Posted December. 01, 2000 19:30,
Starting next year, when foreign exchange transactions will be liberalized, the National Tax Service (NTS) will conduct tax probes on unaccounted remittances of over US$50,000 annually. The criteria for reporting remittances to the NTS were also bolstered to US$10,000 from US$20,000. Hence, parents with children studying abroad will be investigated by the NTS on the source of the funds being sent overseas.
The NTS held a national district chief conference Friday at which time he revealed the confirmed foreign exchange liberalization plan. The meeting was held amid concerns that there is a high possibility of untaxed funds leaving the country through emigration, early studies abroad and extravagant spending by the wealthy once the partial assurance of deposits, comprehensive financial income tax and foreign exchange liberalization are implemented.

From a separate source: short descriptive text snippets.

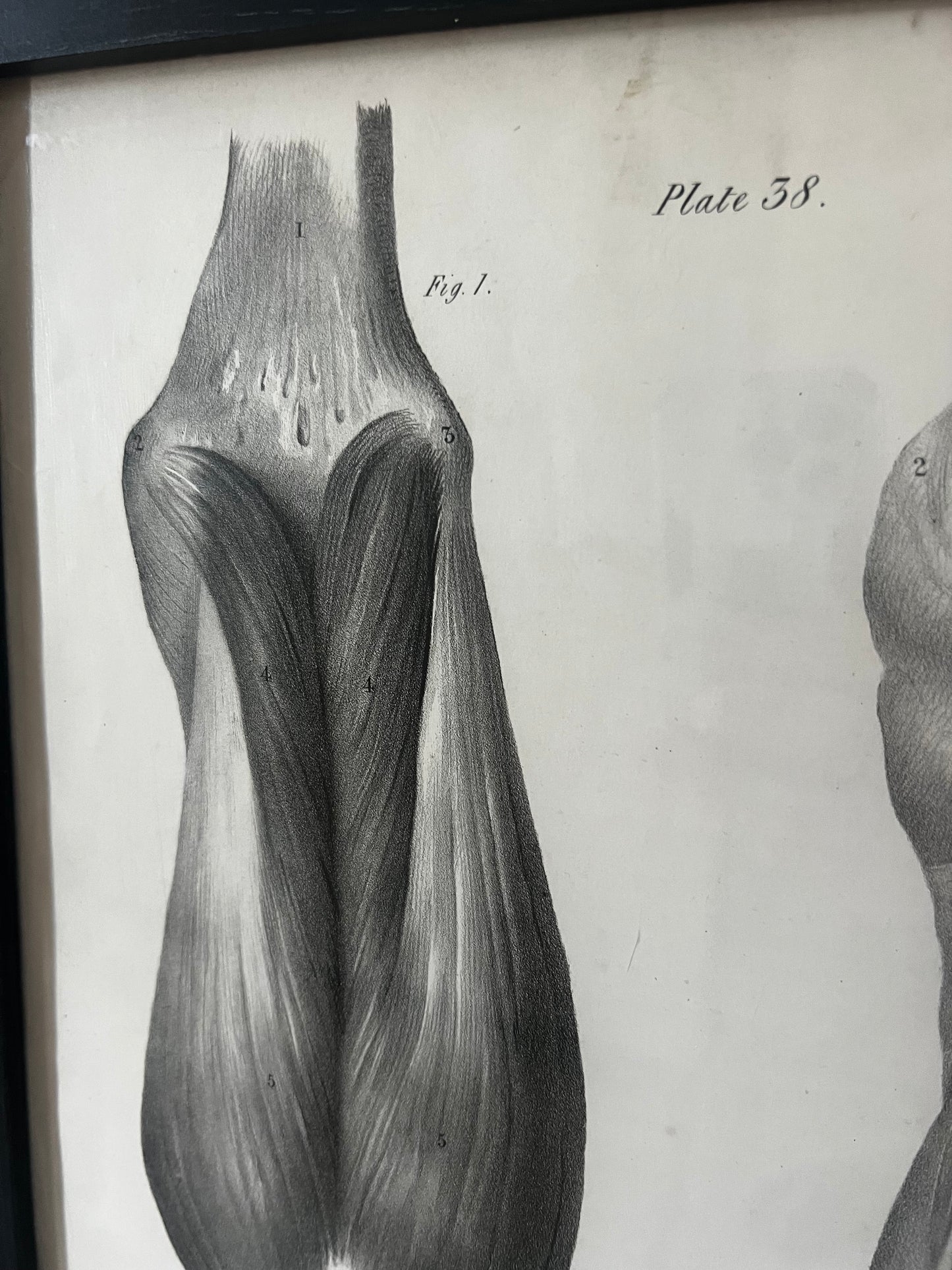 A wonderful set of old anatomical framed prints
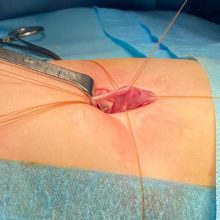 جراحی پیلوپلاستی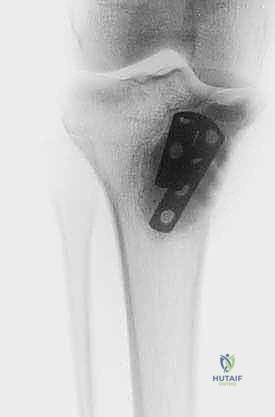 صورة توضيحية لـ الاستئصال بالتبريد لأورام العظام: دليل شامل للمرضى مع الأستاذ الدكتور محمد هطيف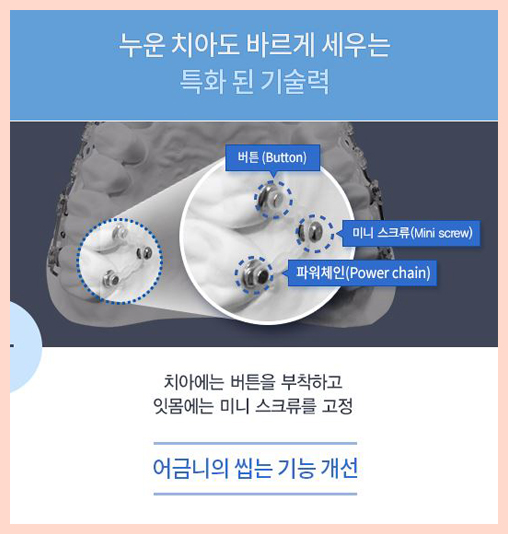 돌출입치아교정비용 찾아낸 반전매력 양악교정 믿을만해 관련 이미지 3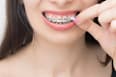 Ortho Wachs für Zahnspangen GUM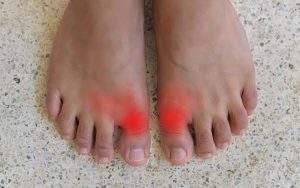 Why Is My Big Toe Hurting? Causes & Relief Tips 2026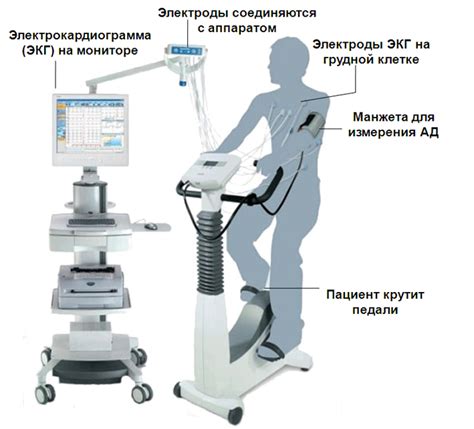 Влияние физической активности на результаты ЭКГ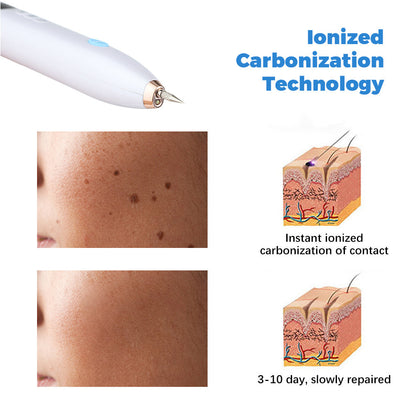 Laser Skin Tag Remover SELFLOVECLUB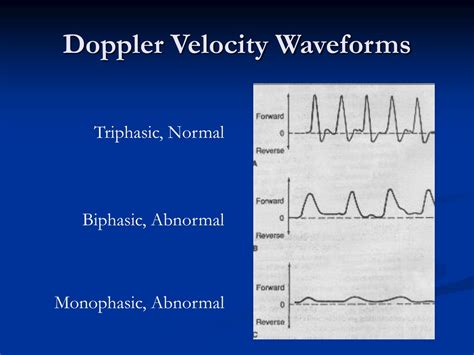 Ppt Continuous Wave Doppler Device Powerpoint Presentation Free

Firstly, the NTS will set up a system to comprehensively analyze overseas remittances of US$10,000 or above, as well as foreign deposits and balance of overseas trust accounts. Thereafter, stringent steps aimed at preventing tax evasion through foreign exchange transactions will be made. In addition, for unaccounted overseas remittances, services payments and other foreign exchange reports related to directly to tax reports, direct and indirect investigations for possible tax evasion will be conducted on transactions exceeding a certain standard. Controls on fund transfers to tax havens, which are on the increase, will be bolstered to guard against tax evasion and foreign exchange outflow.
The NTS has collected more than 6.5 million foreign exchange transaction reports since April 1999 and more than 20,000 reports from foreign governments on interest and income generated outside of Korea. In 1999, the NTS levied 872 billion won in penalty taxes in 312 cases and 544 billion won in 153 cases as of September this year.